CSC595 Data Visualization Final Project

Peter Truax

12/2/2022

Saint Martin’s University Network

Saint Martin’s University Network

The Data

I pulled data from Saint Martin’s University’s main network firewall April 2022. This has detailed information dealing with security threats. This data is valuable for cyber security threat assessment and response.

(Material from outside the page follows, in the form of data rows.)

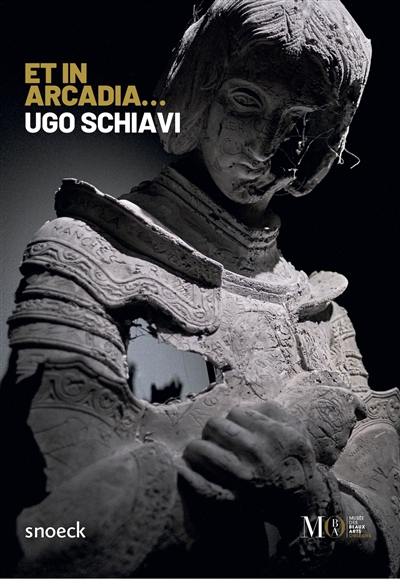Et in Arcadia... : Ugo Schiavi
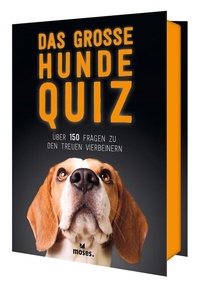 Abbildung von: Das große Hunde Quiz - moses Verlag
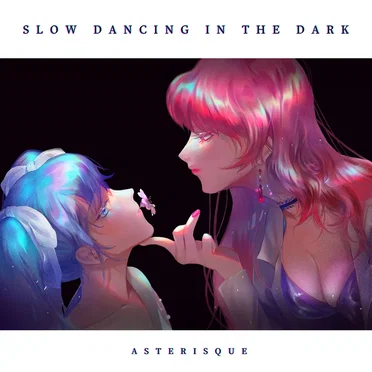 SLOW DANCING IN THE DARK by asterisque - album cover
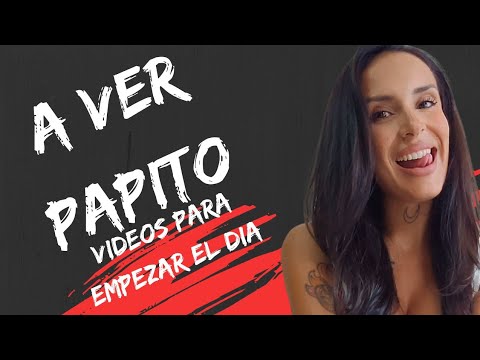 A ver papito…videos para iniciar bien tu día 💫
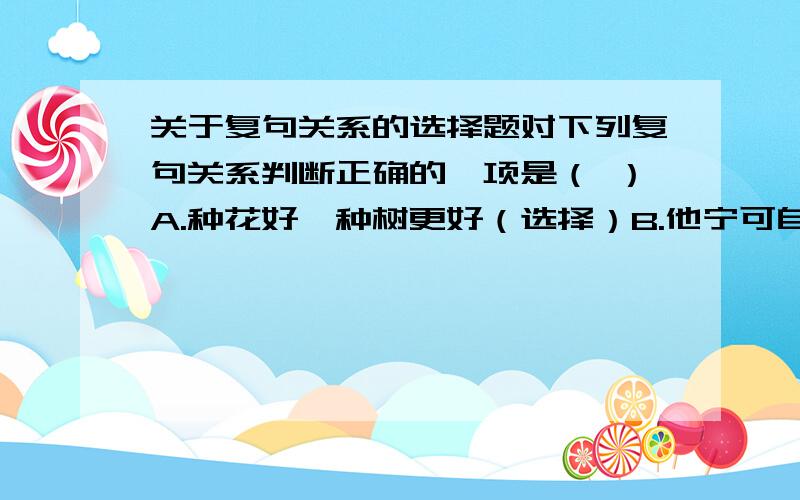 关于复句关系的选择题对下列复句关系判断正确的一项是（ ）A.种花好,种树更好（选择）B.他宁可自己多做一点,也不把工作推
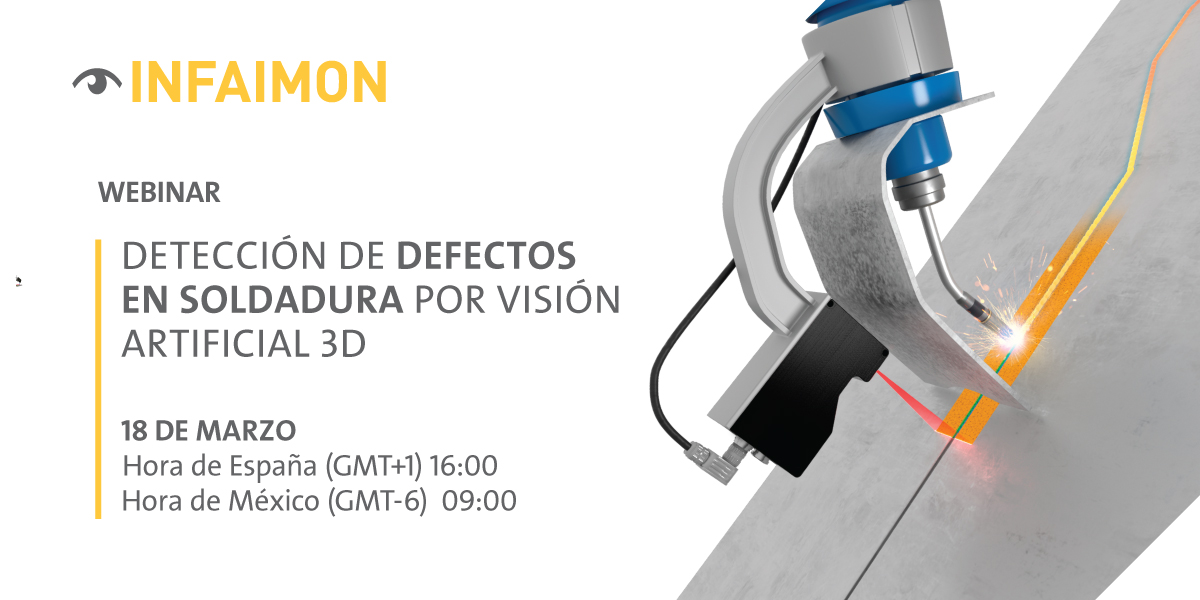 Nuevo Webinar INFAIMON: detección de defectos en soldadura por visión artificial 3d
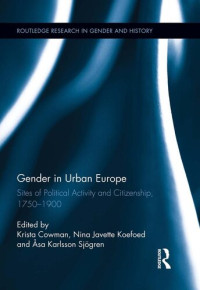 Krista Cowman; sa Karlsson Sjgren; Nina Javette Koefoed; Åsa Karlsson Sjögren — Gender in Urban Europe: Sites of Political Activity and Citizenship, 1750-1900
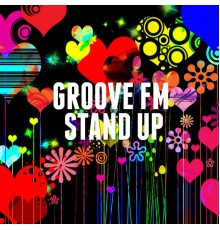 Groove FM - Stand Up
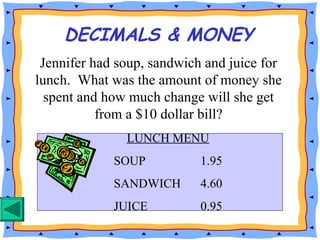 DECIMALS & MONEY
Jennifer had soup, sandwich and juice for
lunch. What was the amount of money she
spent and how much change will she get
from a $10 dollar bill?
LUNCH MENU
SOUP 1.95
SANDWICH 4.60
JUICE 0.95
 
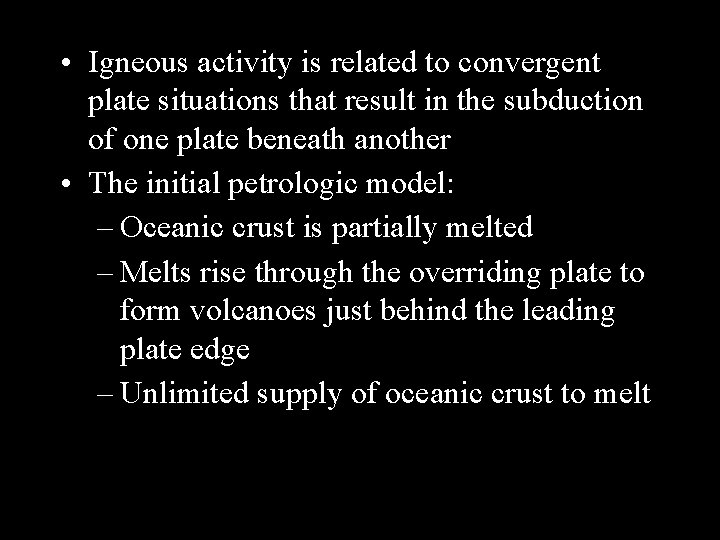  • Igneous activity is related to convergent plate situations that result in the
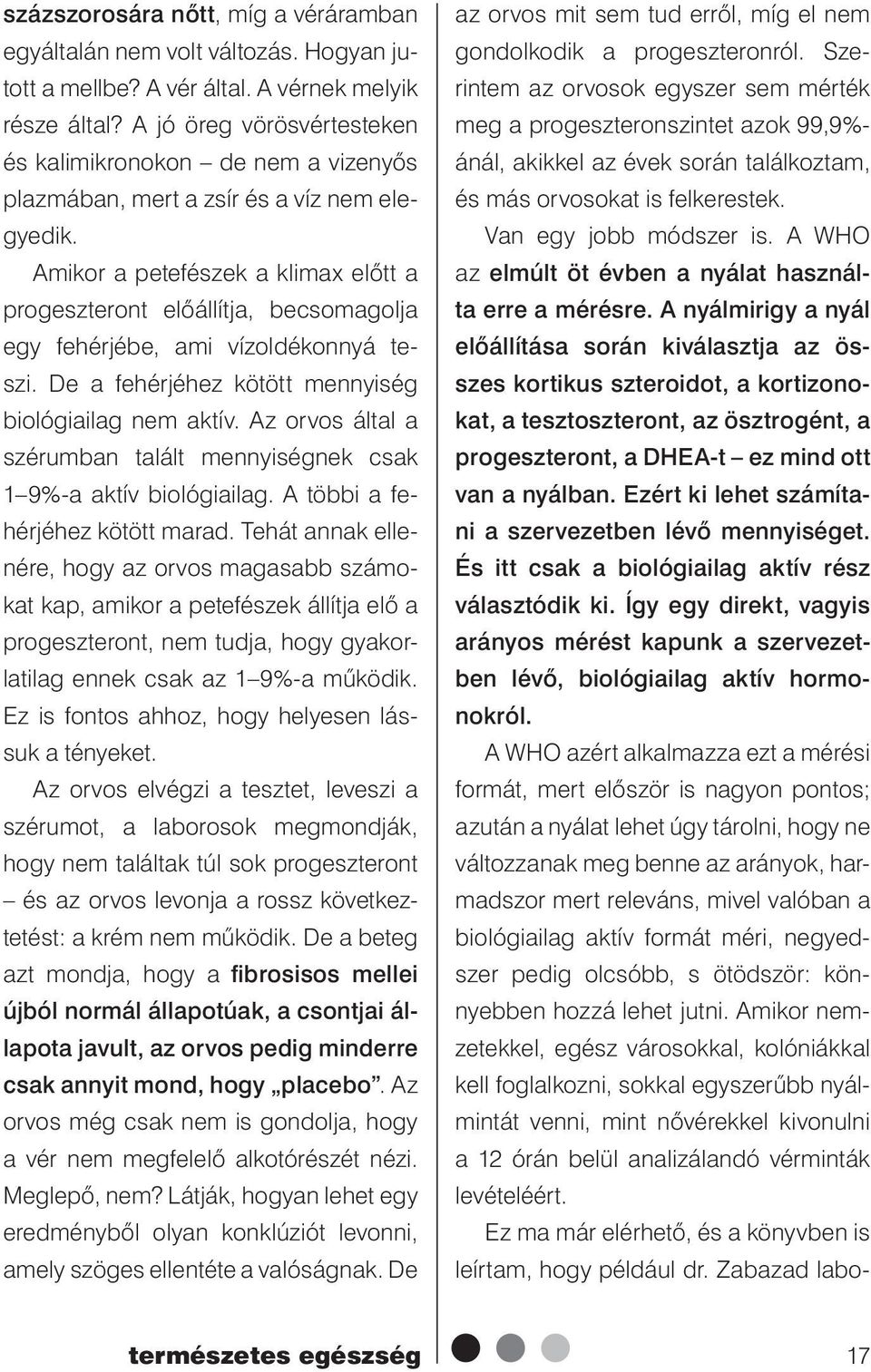 Amikor a petefészek a klimax előtt a progeszteront előállítja, becsomagolja egy fehérjébe, ami vízoldékonnyá teszi. De a fehérjéhez kötött mennyiség biológiailag nem aktív.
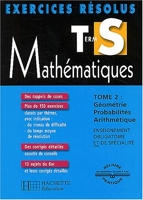 Exercices résolus - Mathématiques, Terminale S, tome 2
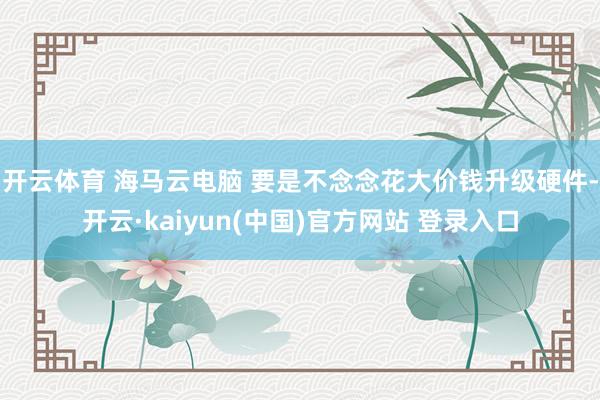 开云体育 海马云电脑 要是不念念花大价钱升级硬件-开云·kaiyun(中国)官方网站 登录入口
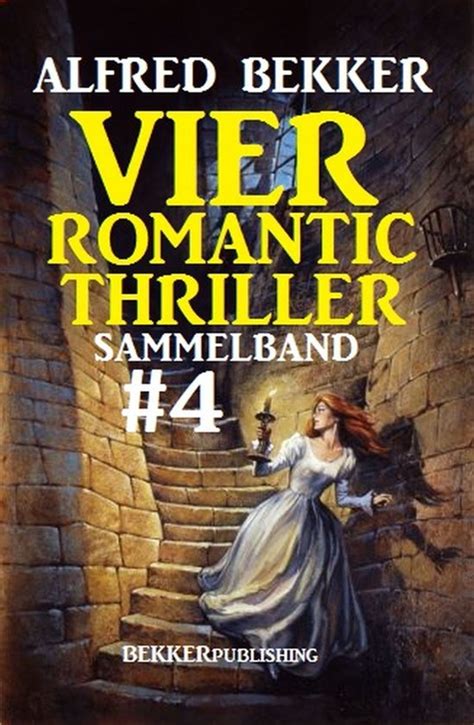 vier romantic thriller sammelband german ebook PDF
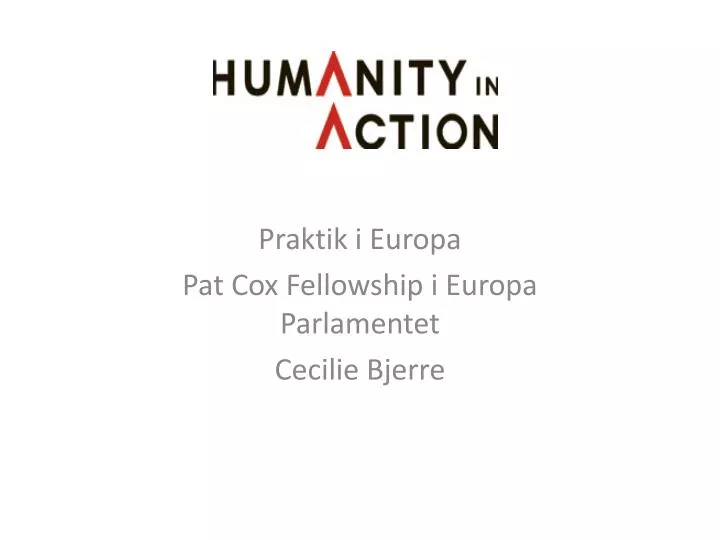 praktik i europa pat cox fellowship i europa parlamentet cecilie bjerre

I am going to use this dataset to teach you how to create two different plot diagrams that can be created in R Studio. These are the Donut Plot and the Heatmap.

Data Setup

Both charts use the same setup. We can answer several questions derived from this same code.

library(ggplot2)
library(viridis)
library(dplyr)
library(tidyverse)


threat_raw <- read_csv("C:\\linux\\CSC550 Data Visualization\\Class\\AprilThreats.csv", col_types = cols(timestamp = col_character()))
## Warning in register(): Can't find generic `scale_type` in package ggplot2 to
## register S3 method.
## Warning: package 'viridis' was built under R version 4.1.3
## Loading required package: viridisLite
## 
## Attaching package: 'dplyr'
## The following objects are masked from 'package:stats':
## 
##     filter, lag
## The following objects are masked from 'package:base':
## 
##     intersect, setdiff, setequal, union
## Warning: package 'tidyverse' was built under R version 4.1.3
## -- Attaching packages --------------------------------------- tidyverse 1.3.1 --
## v tibble  3.1.6     v purrr   0.3.4
## v tidyr   1.2.0     v stringr 1.4.0
## v readr   2.1.1     v forcats 0.5.1
## -- Conflicts ------------------------------------------ tidyverse_conflicts() --
## x dplyr::filter() masks stats::filter()
## x dplyr::lag()    masks stats::lag()

Question 1 - What countries attacked SMU the most?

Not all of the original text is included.